DATASET RECORDS –
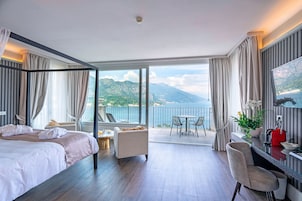 Panoramic Suite, Lake View | Down comforters, minibar, in-room safe, desk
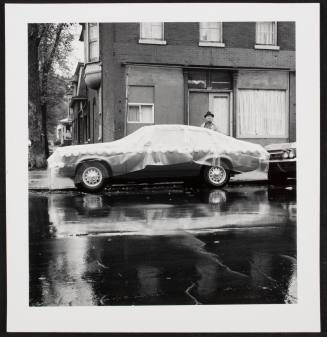 Car with carnations and plastic sheet, from the series "Lower West Side"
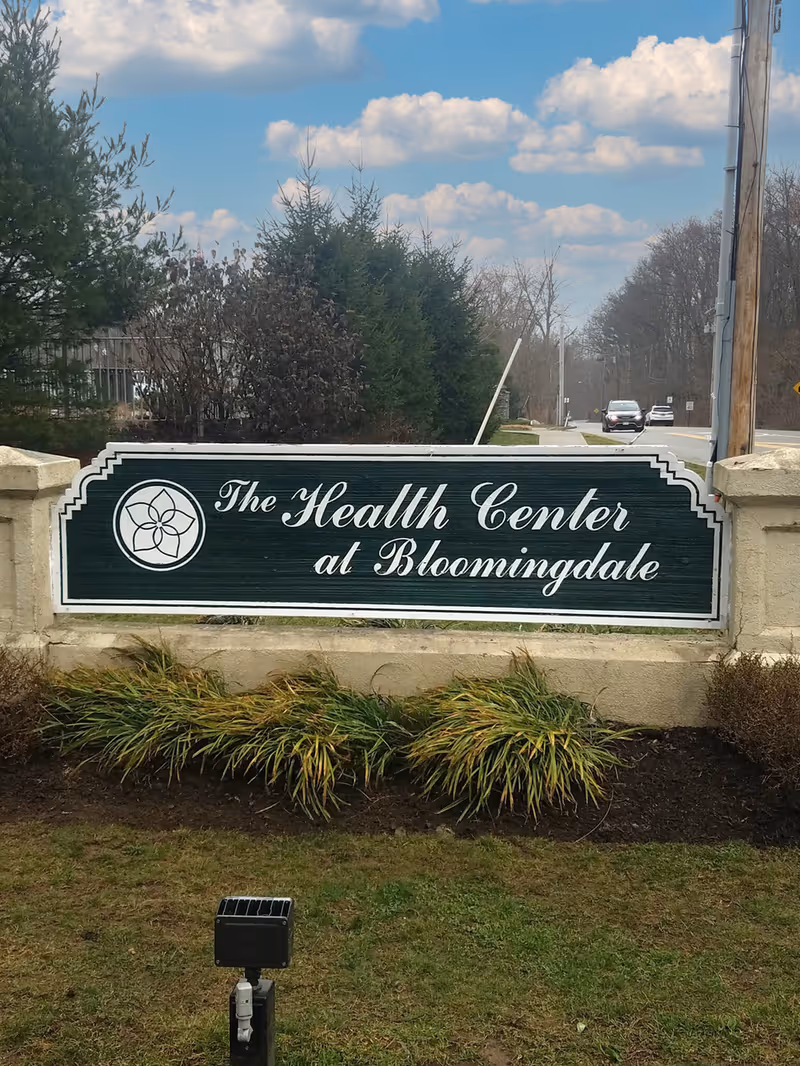 Outdoor sign for The Health Center at Bloomingdale mounted on a stone base with greenery and trees in the background under a partly cloudy sky.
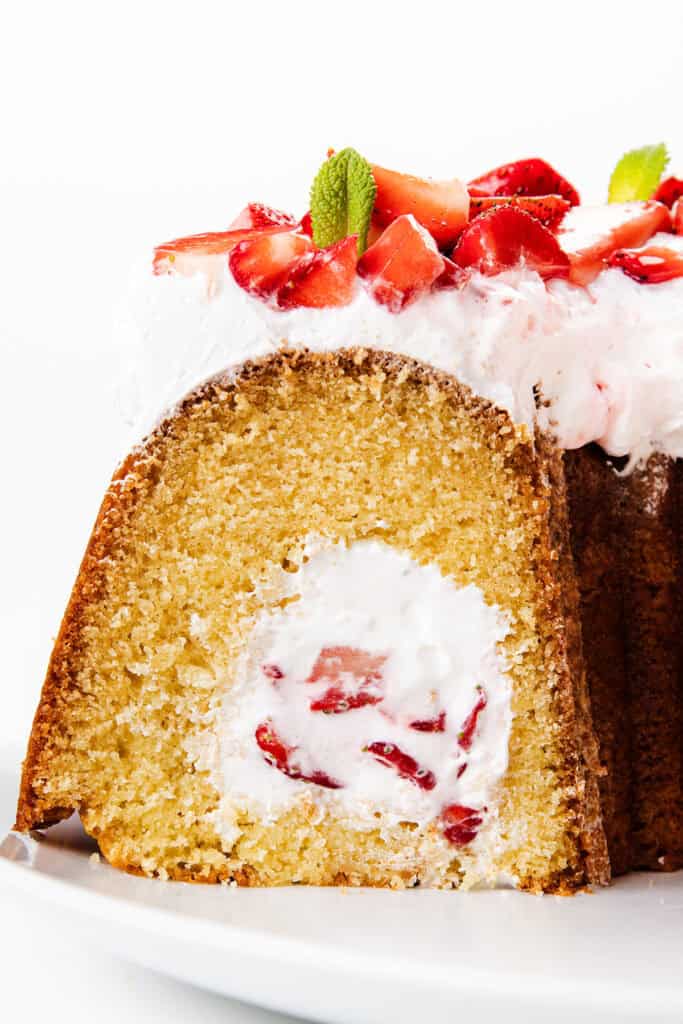 A close-up of a sliced Bundt Cake inspired by strawberry shortcake, filled with whipped cream and strawberries, then topped with more whipped cream, fresh strawberry pieces, and mint leaves.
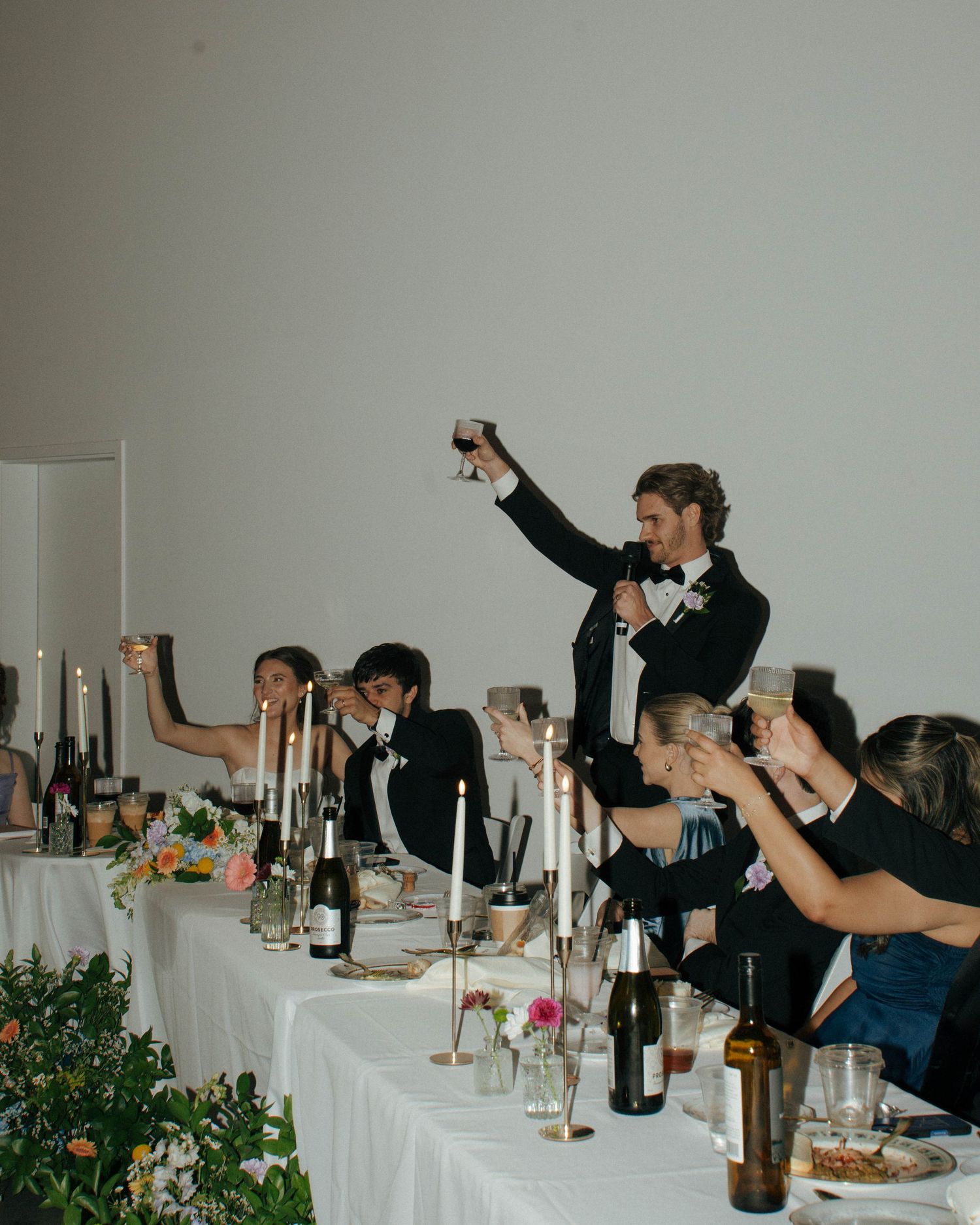 Wedding guests raising glasses in a toast during a reception dinner at a decorated banquet table.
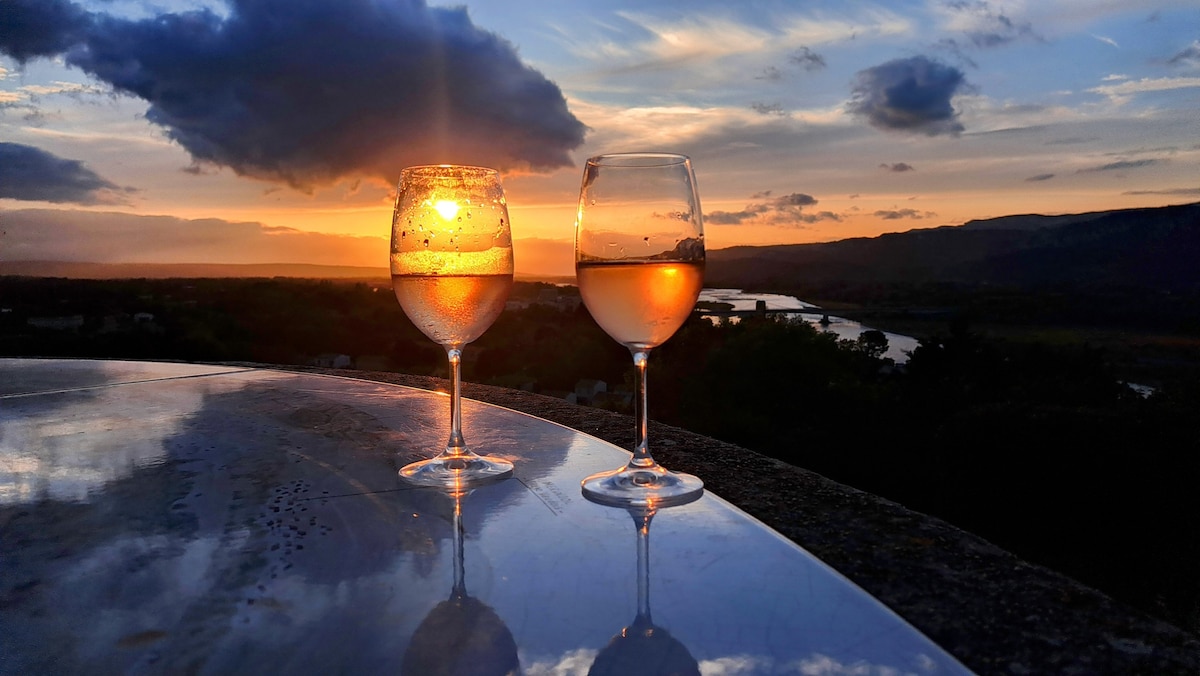 Two glasses of wine are placed on a reflective surface, capturing the colors of a sunset. The sky transitions from warm orange and pink tones to cooler blues, with distant hills and a river in the background, creating a serene and picturesque view.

WHAT TO PRODUCE – No pictures belong in the output. It should reproduce exactly the lines from the one containing "A close-up of" through the end of the data, both ends included.

ANSWER SECTION –
 A close-up of a sliced Bundt Cake inspired by strawberry shortcake, filled with whipped cream and strawberries, then topped with more whipped cream, fresh strawberry pieces, and mint leaves.
 Wedding guests raising glasses in a toast during a reception dinner at a decorated banquet table.
 Two glasses of wine are placed on a reflective surface, capturing the colors of a sunset. The sky transitions from warm orange and pink tones to cooler blues, with distant hills and a river in the background, creating a serene and picturesque view.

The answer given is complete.